You can’t prove the employer did not hire you due to your disability, they will come up with some other reason if questioned, but sometimes it is obvious what they are really thinking.  They ask you how you would manage certain tasks and start to question your health during the interview.

  • When someone says ‘well you look OK to me, stop making a fuss’.

Most disabled people only make a fuss when they feel they are not getting fair treatment or really, really need help with something.  Most of us are not attention seeking.  As stated before not all disability or illness is obviously visible.

  • I have been turned away on public transport as buggies are using the disabled spaces.  One bus driver refused to lower the ramp as he could not be bothered.

A child can be more easily lifted out of a buggy than a full-grown disabled adult from a wheelchair.  By law buses have to provide disabled spaces and they can only let the space be used by buggies if there are no disabled people wanting to use them.  Parents who refuse to fold the buggy and make space are just down right rude.  Not lowering the ramp is denying a disabled person access to services which is illegal.
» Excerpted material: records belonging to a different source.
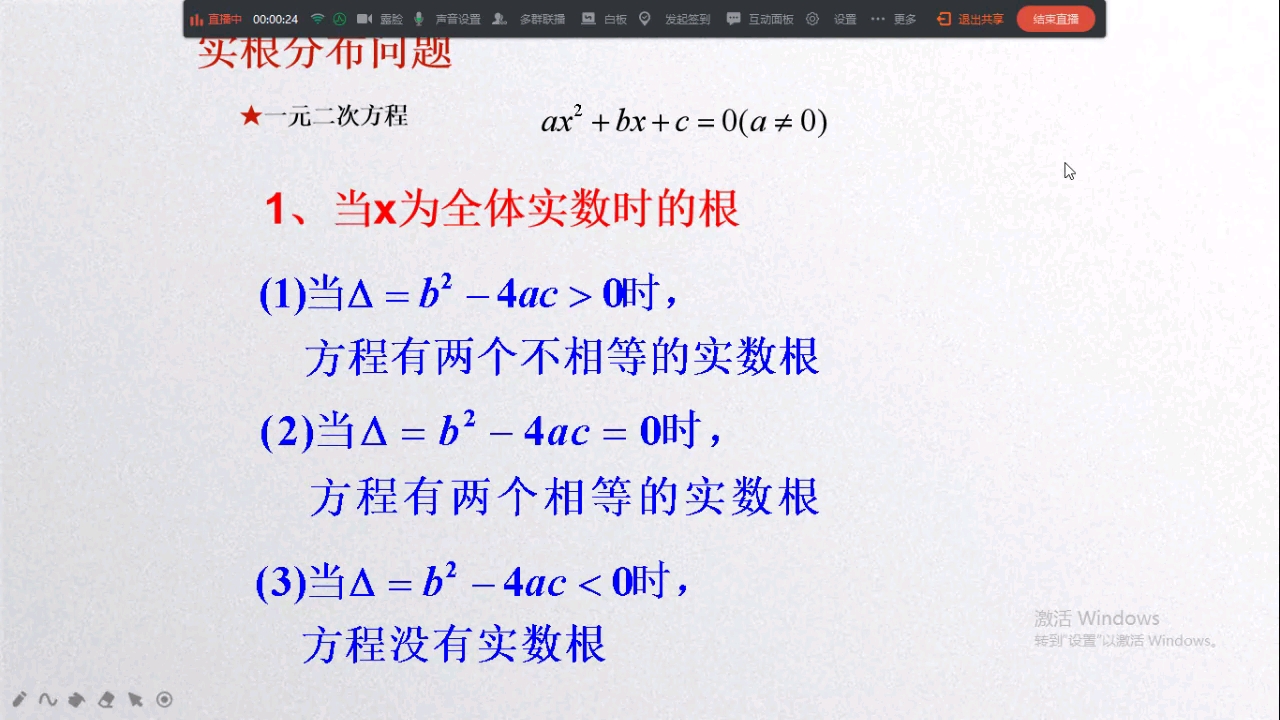 [图]高三一轮复习 一元二次方程根的分布问题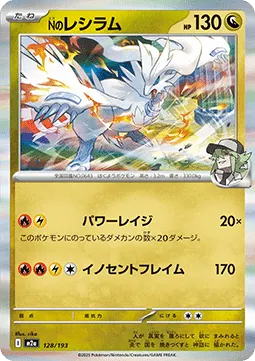 N's Reshiram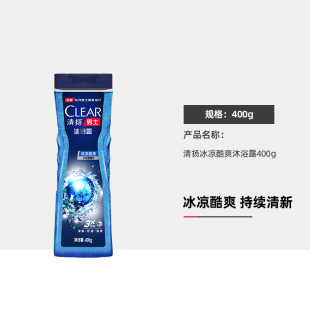 清扬男士 冰凉酷爽沐浴露乳400g运动冰凉酷爽薄荷净澈清爽控油平衡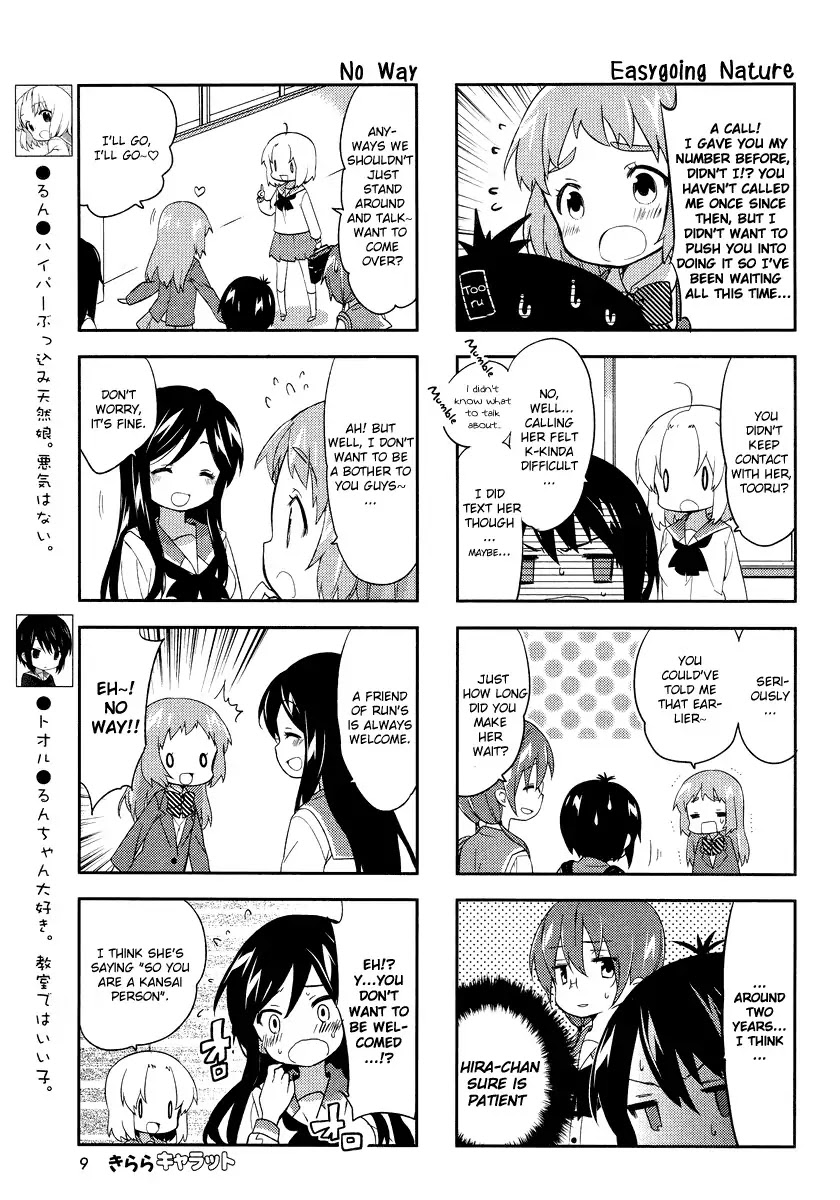 A Channel chapter 60 page 4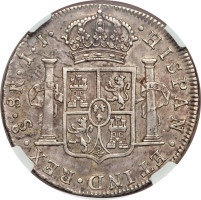 8 reales - Chili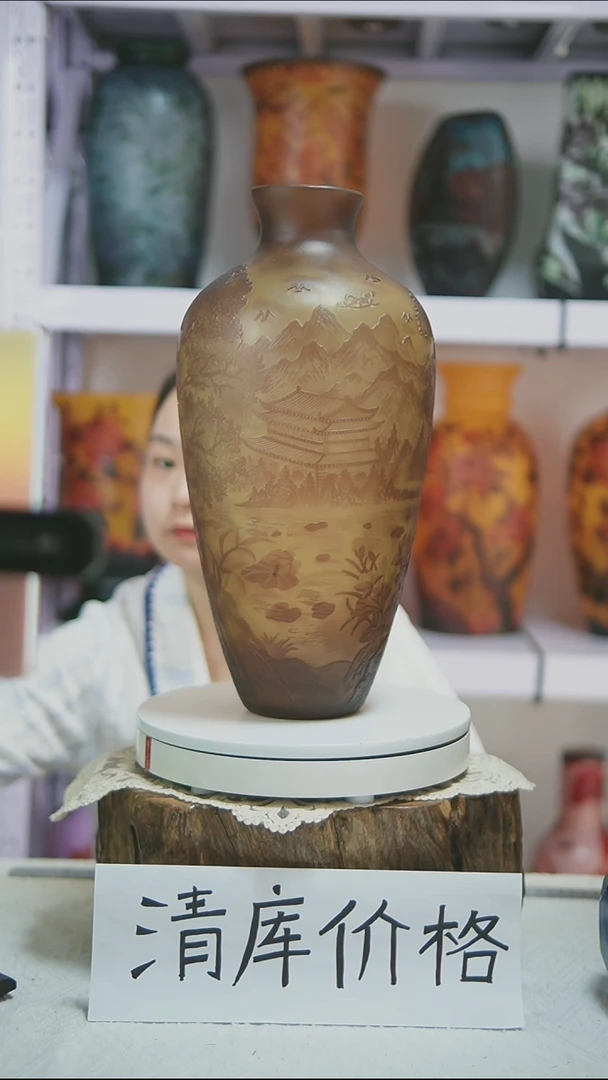 手工艺品琉璃【19】格雷花瓶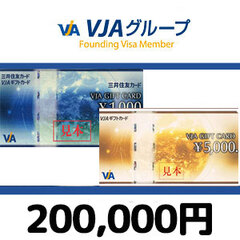 【価格破壊セール】VJA（VISA)ギフトカード（200,000円）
  • No disabled toilets in eating establishments and those with steps to them.

How little brain power do you have to make a disabled toilet with a step up to it?!  Well I have seen this done more than once, idiots.  Restaurants and cafes that seat over a certain number of people have to have toilets and they have to make reasonable adjustments so that disabled people have access to a toilet.  If they do not have disabled toilets they could be breaking the law.  What also annoys me is disabled toilets being used for storage or blocked so you can not use them.

  • It’s the tuts that get to me more than anything.
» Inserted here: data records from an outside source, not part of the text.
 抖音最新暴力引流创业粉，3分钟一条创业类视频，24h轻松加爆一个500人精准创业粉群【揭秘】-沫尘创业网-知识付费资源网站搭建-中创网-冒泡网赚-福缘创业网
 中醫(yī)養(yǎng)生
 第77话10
Tuts as if a disabled person should not be there and should be hidden away out of sight, how old-fashioned is that view!  Or the tut that says this is typical of a disabled person, making a fuss, when all they want is the same access to something as everyone else.

  • I remember someone telling me I was lucky to have a mobility scooter as it meant I did not have to walk anywhere.

I doubt the person chose not to be able to walk far.  I also bet they had to pay for the scooter themselves, and I do not call having to fork out hundreds or thousands of pounds just to be able to cope with a trip to town lucky.

  • People who say you are too young for a total hip replacement.

How do they know, have they had any medical training?  If a surgeon has agreed to the operation I can’t be too young, it is kind of obvious.

The answers of-course relate to the groups the question was asked in.  The group with the largest number of responses was Want my space? Take my disability!   The group campaign against the misuse of disabled parking spaces and blue badges for the disabled.  So quite a few of their answers related to parking and transport issues.

I also got a fair number of responses from Perthes Disease in Adults, a page I run myself.  This page relates to the hip condition I had as a child and is about what happens later in life when we grow up, but still have hip pain.  So the answers from them were often mobility and hip surgery related.  I also asked the question on my own wall as I have a few disabled friends and got a couple of responses.